The Compassion Capital Fund has disbursed many multiyear grants of $1.5 million to $7.5 million to groups designated as "intermediary organizations" empowered, according to the White House to "issue sub-awards directly to qualified faith- and community-based organizations."
In effect, this designation turns the recipient organization into a major dispenser of federal money.
The Institute for Youth Development in Sterling, which is run by Shepherd Smith and his wife, Anita M. Smith, has been awarded $7.5 million over three years. In turn, the institute has parceled out $4.5 million of the federal money in grants of $5,000 to $50,000 to smaller organizations.
Shepherd Smith, who was a top strategist in Pat Robertson's 1988 presidential bid, said the institute's grants were "not an effort on my part to make the right stronger; this was an effort to help little people" who have difficulty getting access to federal money.

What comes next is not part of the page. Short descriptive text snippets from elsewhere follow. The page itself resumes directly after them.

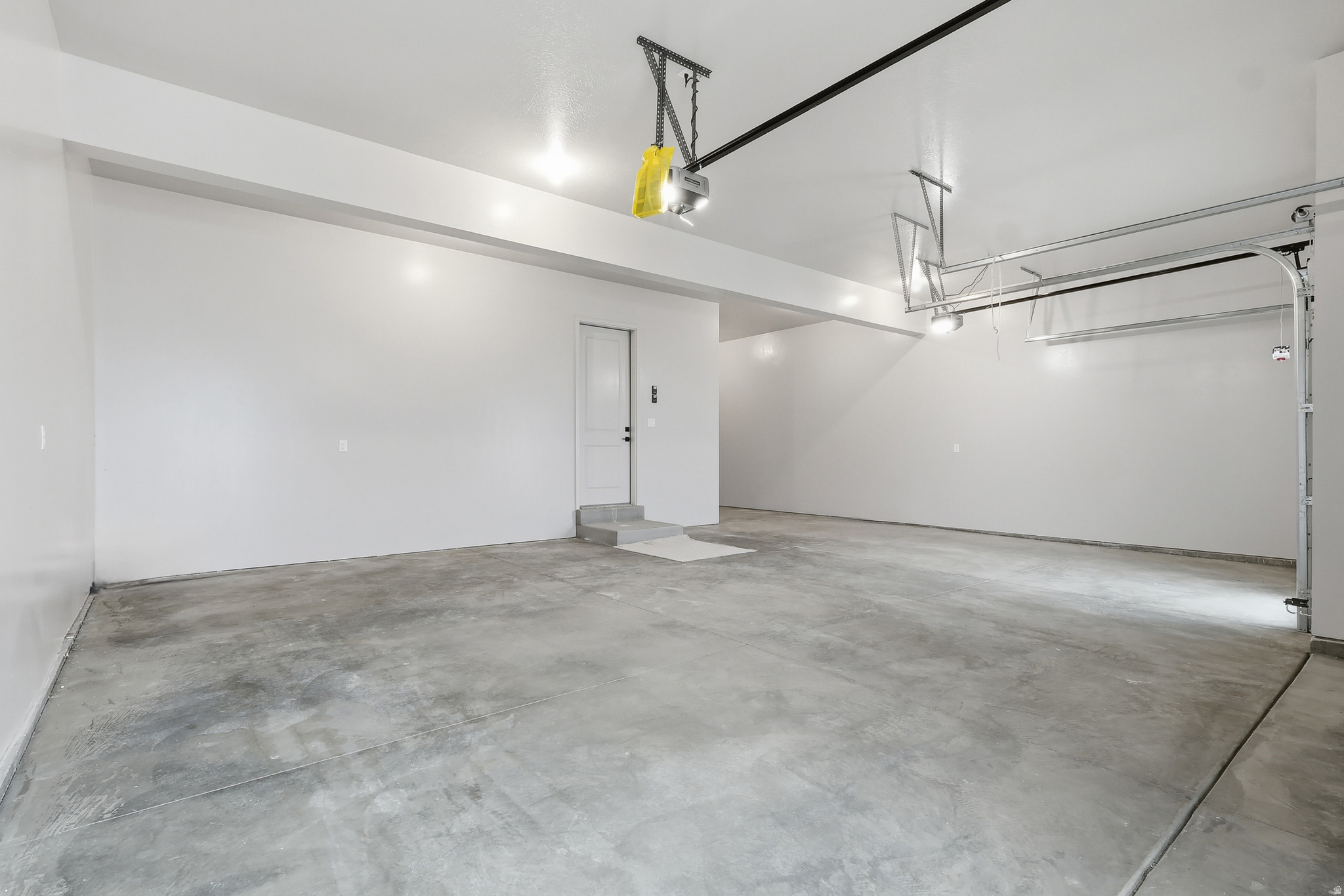 FOOTHILL LOFTS - Residential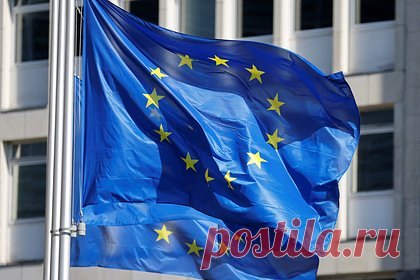 В России анонсировали продолжение политики давления ЕС на россиян. Дискриминационная политика Евросоюза в отношении граждан России, нацеленная на ущемление их прав, продолжится, так как это один из инструментов давления на Москву. Об этом заявил исполняющий обязанности постпреда России при ЕС Кирилл Логвинов. «Делать вид, будто этого не происходит, мы не собираемся», — пообещал он.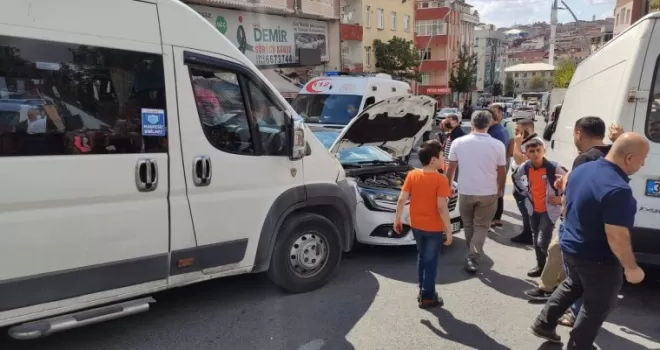 Freni patlayan servis aracı öğrencilerin arasına daldı 4 yaralı
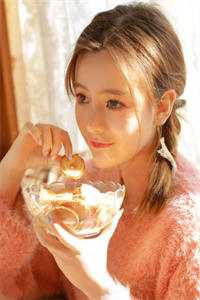 请闺蜜做了千元美甲后她男朋友拔掉了我的指甲阅读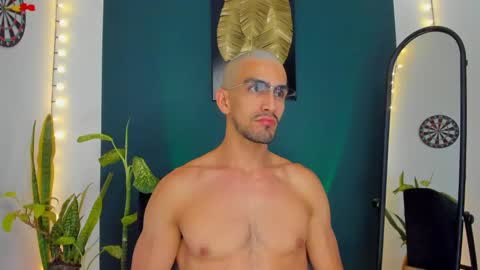 Ryan independent model online show from 23, 9, 2025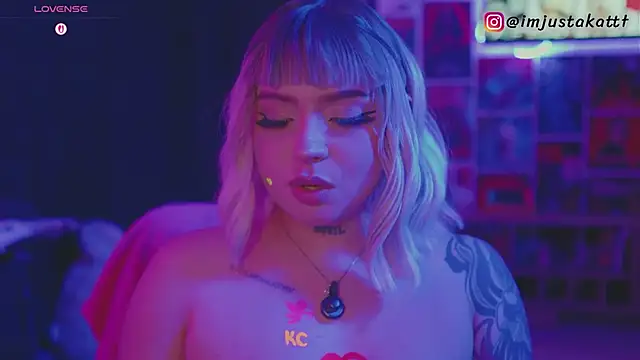 sensualkattt online show from May 15, 2026, 11:03 pm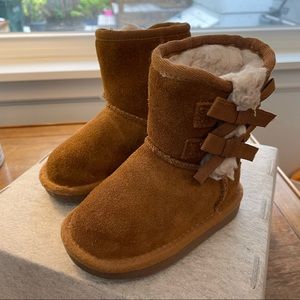 Koolaburra by Ugg Boots with Bow Detail EUC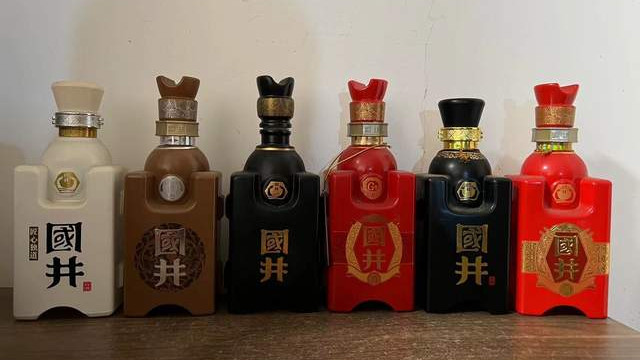 酒厂接连“暴雷”，酒友未必有漏可捡，不如看戏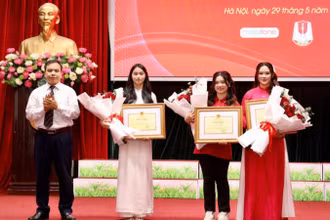 Các thí sinh đoạt giải Nhất cuộc thi Tuổi trẻ học tập và làm theo tư tưởng, đạo đức, phong cách Hồ Chí Minh, năm học 2024-2025.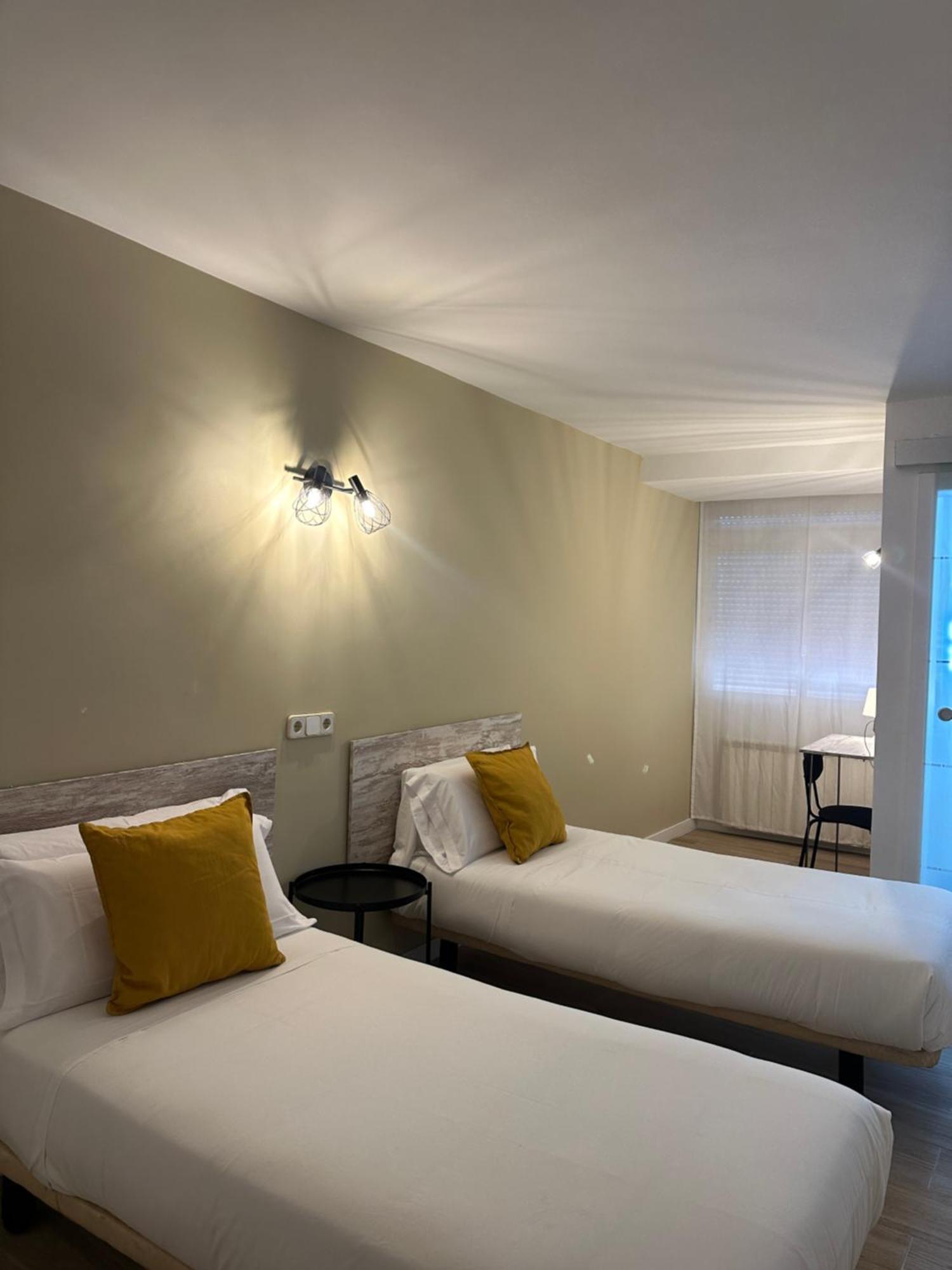 Hostal Fronton Alcobendas Exteriör bild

The recipients listed on the institute's Web site include many socially conservative groups, among them at least 15 pregnancy crisis and counseling centers that oppose abortion.
The Rev. Luis Cortés's Esperanza USA has received three $2.5 million grants. Cortés is an evangelical Protestant; many of the grants from his organization have gone to Protestant Hispanic providers.
Among organizations run by ordained ministers, every Latino group receiving a large grant is headed by a Protestant. Protestant Hispanics are a key Republican target constituency. From 2000 to 2004, Bush's support among Hispanic Protestants grew from 44 percent to 54 percent, while remaining unchanged among Hispanic Roman Catholics, according to the Pew Hispanic Center.
In Milwaukee, a 2004 presidential battleground state, Pentecostal Bishop Sedgwick Daniels's Holy Redeemer Institutional Church of God in Christ was awarded $626,598 in 2003 and $824,471 in 2004 from the Compassion Capital Fund. Daniels, a Bush supporter, was a 2004 Republican National Convention delegate.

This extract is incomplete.